The landscape is changing rapidly. The Shanghai and Shenzhen exchanges will become shareholding companies and plan to list sooner or later. That will transform the whole industry, bringing them into competition more directly with Hong Kong Exchanges and Clearing.
The local market, meanwhile, is trying to expand its yuan- denominated shares and other products to compete with Shanghai.
But any hint of conflict between the three was downplayed at this week's launch ceremony of the bourses' joint venture, China Exchanges Services.
The HK$300 million project, which is equally owned by Hong Kong Exchanges and Clearing, Shanghai Stock Exchange and Shenzhen Stock Exchange, will be based in Hong Kong to develop index or equity derivative products as well as compile new indices that will allow investment banks to issue index fund products.
Speaking at the opening ceremony, the joint venture's chief executive, Bryan Chan Ping-keung, who is also the head of market data at HKEx, said: "The joint venture provides a platform for the three stock exchanges to co-operate and launch new products. This will allow the three exchanges to work together to create products for international investors to trade."
Any media events will involve senior executives of the three entities, and even the new business logo is a fluid circle to symbolise "endurance, vitality and unity".
The initial investment of HK$100 million by each partner is peanuts. But it is a significant symbolic move and behind the scenes there is political motivation.
The joint venture was announced a day after a visit to the HK exchange by Vice-Premier Li Keqiang in August last year. Brokers believe mainland leaders do not want to see the three markets in competition, but want them to work together to compete with overseas exchanges or newly developed trading platforms, such as dark-pool operators, who specialise in large institutional transactions.
Shanghai Stock Exchange president Zhang Yujun said in June that Hong Kong was chosen as the headquarters of the new venture as a sign of Beijing's support for the city. "As China continues to open up and the yuan gradually internationalises, it is inevitable we will have to compete in international capital markets," he said.
The rivalry between HKEx and Shanghai exchange is seen as a race between the two cities as they both seek to become global financial capitals.
The Shanghai city government, which is keen to build the city into a leading global financial centre by 2020, is determined to launch an international board next year to attract global initial public offerings such as HSBC or Coca-Cola, which will be in direct competition with Hong Kong.
Both the Hong Kong and Shanghai bourses have sought to attract listings by major mainland companies, while in recent years Shenzhen has joined the game by attracting smaller companies.
The Shanghai exchange is registered as a non-profit membership organisation but people close to the bourse say it has become perhaps more ambitious.
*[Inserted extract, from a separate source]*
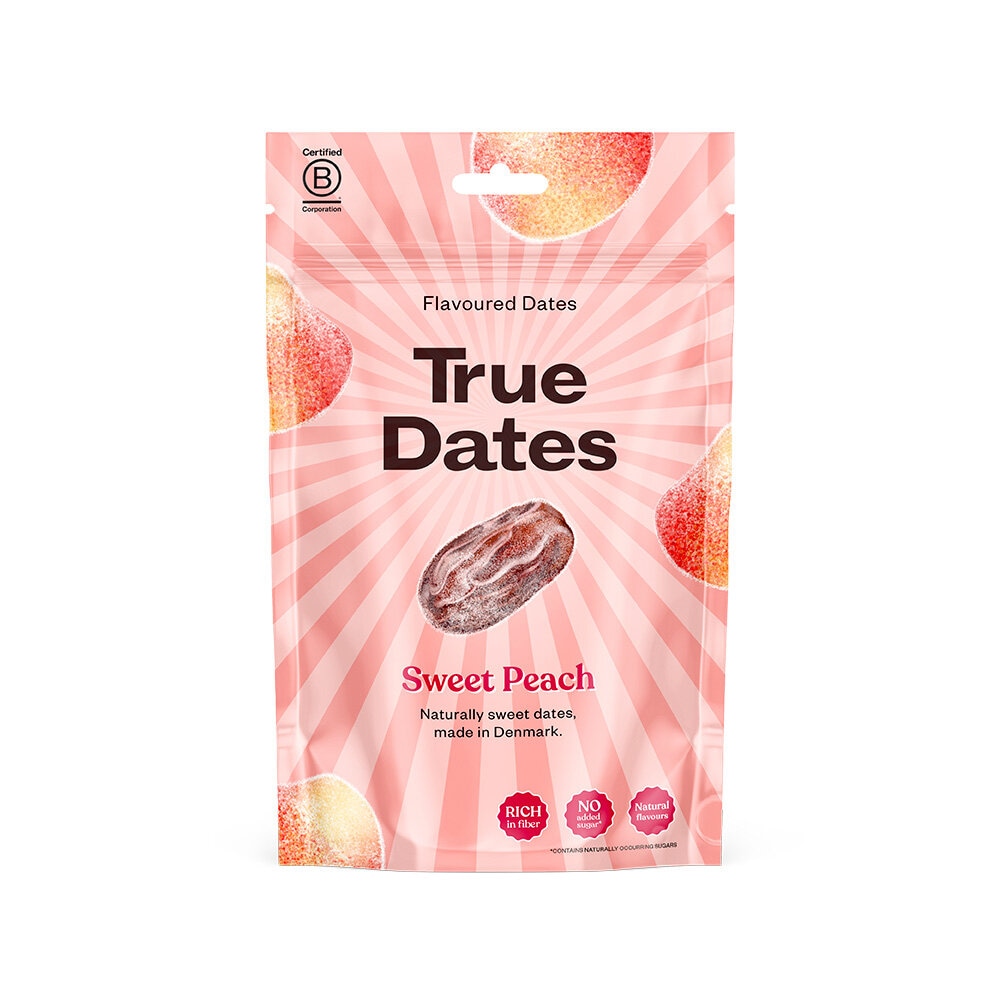 Dates Sweet Peach 100g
The Shanghai exchange has held several internal meetings this year to discuss the possibility of becoming a shareholding company, and some officials have even suggested that the exchange could prepare for a listing.
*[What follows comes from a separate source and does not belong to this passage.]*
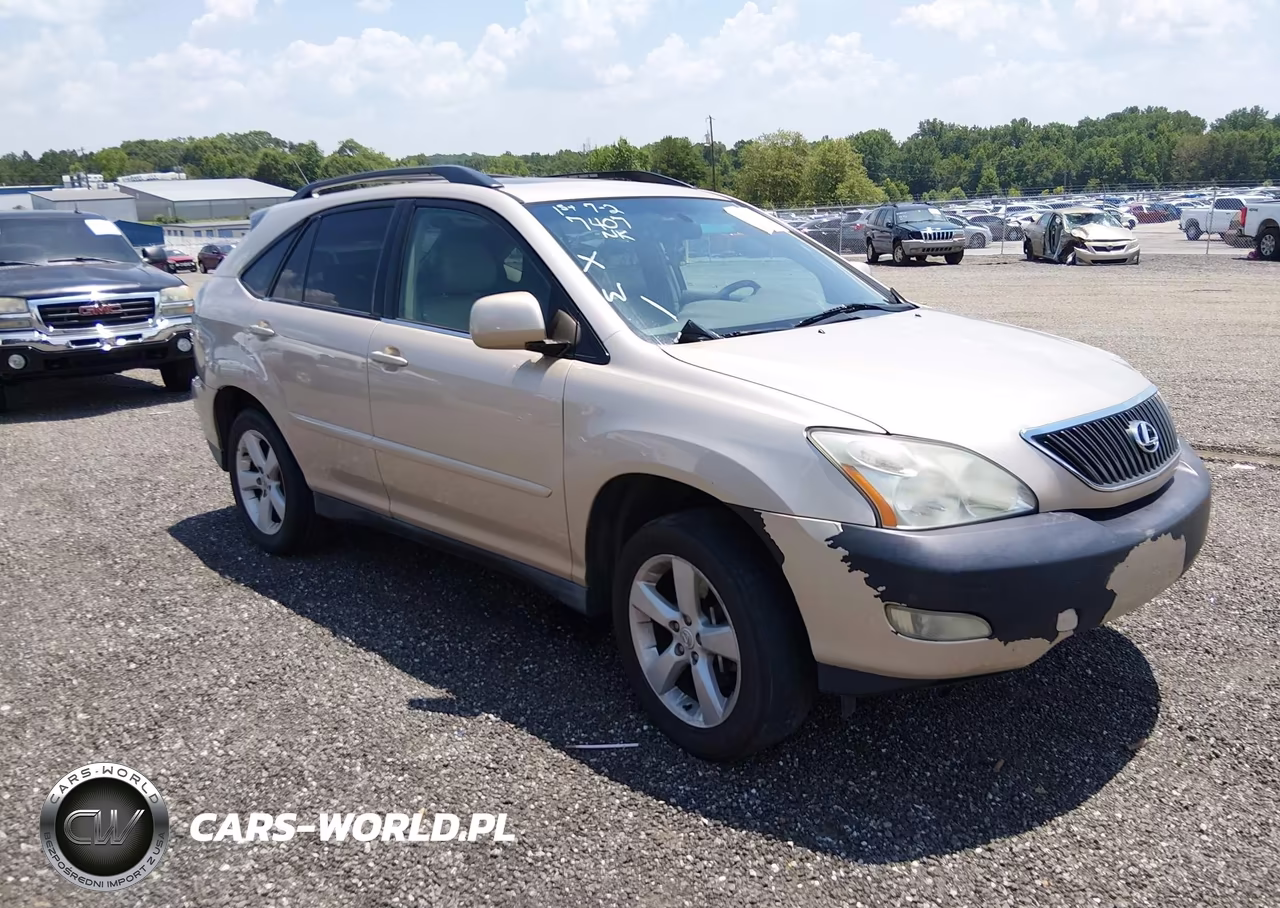 2004 Lexus Rx 330 – zdjęcie 1 z 13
Such initiatives have won support in principle from Guo Shuqing, chairman of the mainland securities regulator, the China Securities Regulatory Commission.
The smaller Shenzhen market is also mulling becoming a shareholding company, paving the way for a listing in the near future, say the people close to the bourse.
If successful, the two bourses, particular the bigger Shanghai exchange, will become an increasing threat to not only Hong Kong, but also Singapore, as leaders in the region.
On the other hand, both mainland exchanges have their own agenda and want to compete with each other before they seek to challenge HKEx's leading role in Asia.
Some industry watchers say Beijing does not want to see Shanghai, Shenzhen and Hong Kong compete too aggressively as the CSRC believes they should work more together to compete with Western exchanges such as New York. This explains the birth of the three-way joint venture.
Brokers view the venture as a way to promote more cross-border co-operation, with some even speculating that it could be the very first step to a full merger.
HKEx chief executive Charles Li Xiaojia said in June "discussions among the three bourses have never touched on potential mergers".
However, with the proposed listing of the markets, brokers believe a merger or some form of shareholding swap for the three bourses would be a possible scenario.